En principe, les cotisations sociales et retraite au titre des heures de grève ne sont pas versées aux caisses collectrices, ce qui signifie que les heures de grève ne sont pas prises en compte pour les droits à la retraite.

Dans tous les cas, la mention « grève » ne doit jamais être indiquée sur le bulletin de paie. Une autre mention doit figurer comme « service non fait » ou « service non rémunéré » .

 

Ai-je droit au maintien de ma rémunération si je fais grève ?

Pour les agents publics, il n’existe juridiquement aucun texte sur le paiement des jours de grèves, ce dernier étant le résultat des négociations obtenues localement entre l’employeur et les organisations syndicales. Il est bien évident que suivant le rapport de force, l’issue de la négociation sera plus ou moins probante, mais cette question doit, quoiqu’il en soit, être toujours posée lors des conditions de reprise du travail à l’issue d’un conflit social. Les négociations peuvent également aboutir à un étalement des retenues du traitement ou salaire.

Peut-on sanctionner un travailleur gréviste ?

Il est impossible de sanctionner un agent en raison de l’exercice normal de son droit de grève. La grève étant un droit, elle ne peut constituer une faute.

La sanction pécuniaire des retenues pour fait de grève est donc la seule conséquence possible de la grève.

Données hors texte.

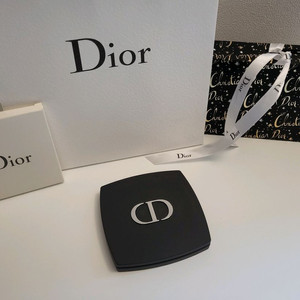 정품) 디올 양면 거울 (코스메틱)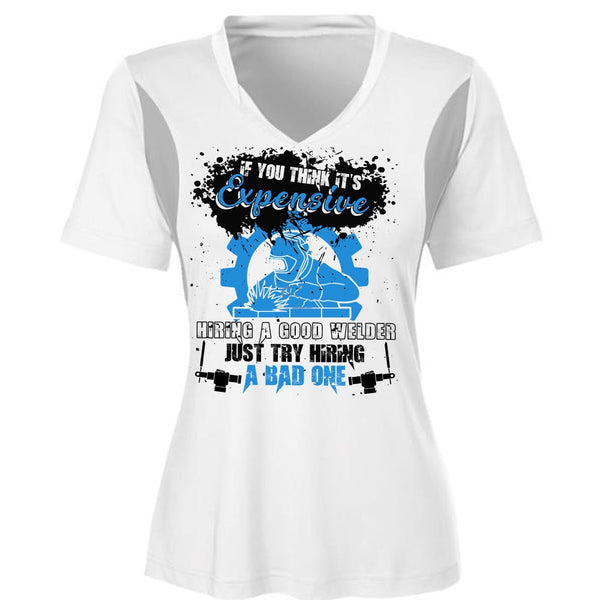 Hiring A Good Welder T Shirt, I Love Welder T Shirt, Awesome T-Shirts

L’agent ne pourra être sanctionné pour des faits commis pendant un mouvement de grève qu’en cas d’agissement grave, en lien avec le service public (exemple : injures prononcées à l’encontre de son supérieur hiérarchique).

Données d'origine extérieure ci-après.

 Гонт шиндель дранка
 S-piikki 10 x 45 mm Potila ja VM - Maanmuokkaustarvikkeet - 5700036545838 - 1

Quels sont les effets sur l’avancement d’échelon et de grade ?

Les périodes de grève sont sans effet sur les droits à l’avancement de grade ou d’échelon.

La Réquisition

La réquisition oblige les travailleurs grévistes à reprendre leur travail. Les salariés/agents grévistes peuvent être réquisitionnés uniquement par le préfet. Cette réquisition est strictement encadrée par la loi.

Sur la forme, la réquisition doit être prise par un arrêté préfectoral, qui doit être motivé et contenir différentes mentions obligatoires (nature des prestations requises, durée de la réquisition, modalités d’application).

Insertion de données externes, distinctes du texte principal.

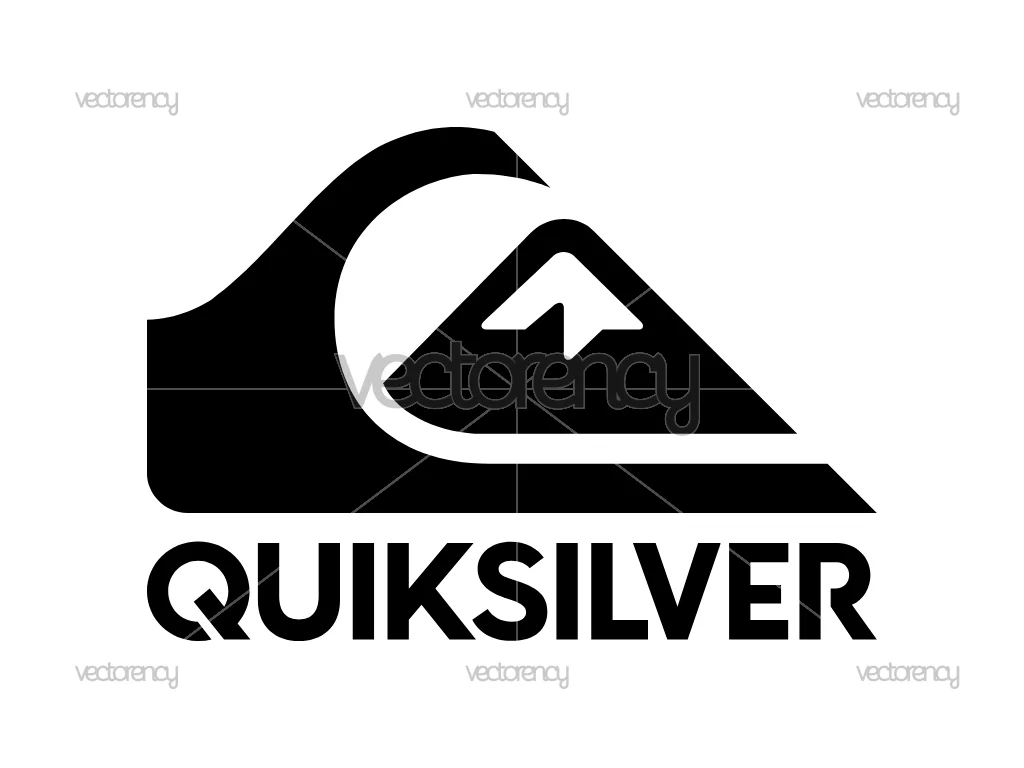 Quiksilver Logo Fashion Vector PNG EPS DXF SVG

Par ailleurs, la réquisition doit être justifiée par l’urgence, et une atteinte à l’ordre public. Elle doit être proportionnée et ne peut pas être décidée lorsqu’il existe d’autres alternatives. De même, lorsque les salariés/agents non grévistes sont en nombre suffisant pour assurer le maintien de l’ordre public, les réquisitions ne sont pas possibles. La réquisition ne peut ainsi pas avoir pour effet de mettre en place un service normal.

Il est possible de saisir le juge administratif pour faire cesser en urgence une réquisition illégale.

Désignation / notification

De manière tout à fait scandaleuse et contraire à la Constitution française, les juges administratifs français ont admis la possibilité d’une désignation. La désignation est un autre moyen d’empêcher des salariés de faire grève dans le secteur public. Il s’appuie en effet sur le principe de continuité du service public. Ainsi, en vertu d’une jurisprudence Dehaene de 1950, un chef de service peut procéder à la désignation des emplois nécessaires à la continuité du service public.

Cette possibilité est une création des juges, il n’y a donc pas de règle dans la loi fixant la procédure devant être suivie par le chef de service. Certaines règles ont été néanmoins posées par le juge administratif. Ainsi, la désignation n’est évidemment pas justifiée si le service est déjà assuré par des employés non grévistes.

La désignation doit être motivée et notifiée aux agents concernés.

Attention, les désignations peuvent faire l’objet de nombreux abus. Il faut garder en tête que : seuls les agents/salariés indispensables à l’exécution des obligations du service minimum peuvent être désignés, seuls les salariés travaillant dans les services qui correspondent à une mission de service public peuvent être désignés, il doit y avoir une situation d’urgence, le nombre de désignés doit être restreint au strict minimum nécessaire au fonctionnement d’un service minimum, la désignation doit correspondre à une nécessité d’ordre public.

Si la désignation est justifiée, les agents qui refusent de s’y soumettre sont passibles de sanctions disciplinaires.

Il est possible de saisir le juge administratif en urgence pour faire cesser une désignation illégale.